WASHINGTON — Lt. Governor Mandela Barnes added a local voice to the national conversation about climate change.

“It’s unfortunate that we are in this climate crisis that we’re in but it is great to see so many people paying attention to it,” said Barnes.

Barnes joined progressive activist Tom Steyer and Senate Climate Change Committee Chair Brian Schatz, D-Hawaii to discuss progressive policies aimed at addressing that crisis at the Center for American Progress Ideas Conference in D.C.

They are supporters of the Green New Deal but the efforts to pass that sweeping resolution targeting the environment have come up short in the Senate and at the White House.

“It’s been an issue that they’ve ignored forever, the issue of climate change,” said Barnes. “They wont even say climate change and that’s a big part of the problem: failure to address that there is a crisis that is going on in the United States of America, especially in Midwestern states.”

He placed his Midwest state at the center of this national conversation.

Barnes touted his and Governor Evers’ efforts since taking office in the absence of concern at the federal level.

Some of these changes the administration has made include relaunching the office of sustainability to oversee efficiency changes to all government buildings, joining 20 states in upholding the Paris Climate Agreement and promising to move toward a plan to meet 100 percent clean energy goals for the state by 2050.

Although ambitious, the lieutenant governor said he’s confident it can be cost-cost-efficient as well.

“In a state like Wisconsin, consumers spend $12 billion annually to meet our energy needs, for energy that is generated through fossil fuels, coal mostly.
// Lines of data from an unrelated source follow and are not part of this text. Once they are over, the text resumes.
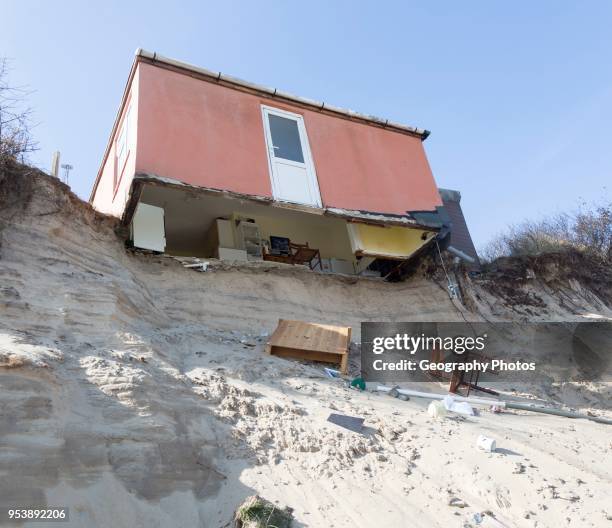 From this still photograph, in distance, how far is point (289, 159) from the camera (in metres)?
10.8

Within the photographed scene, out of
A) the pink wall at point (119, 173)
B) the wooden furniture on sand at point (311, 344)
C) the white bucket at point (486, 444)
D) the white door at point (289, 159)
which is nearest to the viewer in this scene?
the white bucket at point (486, 444)

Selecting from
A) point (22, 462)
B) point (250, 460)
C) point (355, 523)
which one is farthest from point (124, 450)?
point (355, 523)

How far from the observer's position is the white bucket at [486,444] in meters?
4.87

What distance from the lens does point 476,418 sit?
6.07m

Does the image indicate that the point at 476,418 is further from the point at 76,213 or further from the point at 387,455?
the point at 76,213

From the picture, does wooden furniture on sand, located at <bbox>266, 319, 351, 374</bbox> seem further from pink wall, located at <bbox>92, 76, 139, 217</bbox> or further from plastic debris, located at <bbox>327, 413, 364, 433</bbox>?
pink wall, located at <bbox>92, 76, 139, 217</bbox>

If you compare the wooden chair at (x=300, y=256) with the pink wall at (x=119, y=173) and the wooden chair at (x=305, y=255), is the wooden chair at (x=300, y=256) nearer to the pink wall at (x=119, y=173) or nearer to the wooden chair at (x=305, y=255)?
the wooden chair at (x=305, y=255)

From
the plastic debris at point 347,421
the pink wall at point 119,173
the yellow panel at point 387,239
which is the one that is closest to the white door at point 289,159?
the yellow panel at point 387,239

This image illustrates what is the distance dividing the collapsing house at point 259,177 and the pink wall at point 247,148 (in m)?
0.03

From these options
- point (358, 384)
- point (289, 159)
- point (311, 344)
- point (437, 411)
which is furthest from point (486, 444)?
point (289, 159)

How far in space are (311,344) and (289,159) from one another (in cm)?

We don’t have any coal in Wisconsin, we don’t have any oil in Wisconsin,” he said. “We do have wind and sun. If we can transfer those dollars, if we can spend our money much more effectively, when you look at the overall costs of consumers, that cost will go down annually.”

Barnes recognized leaders in coastal states historically have been at the front of these conversations but he’s hoping his participation in Wednesday’s event could lead to the inclusion of more Midwest perspectives.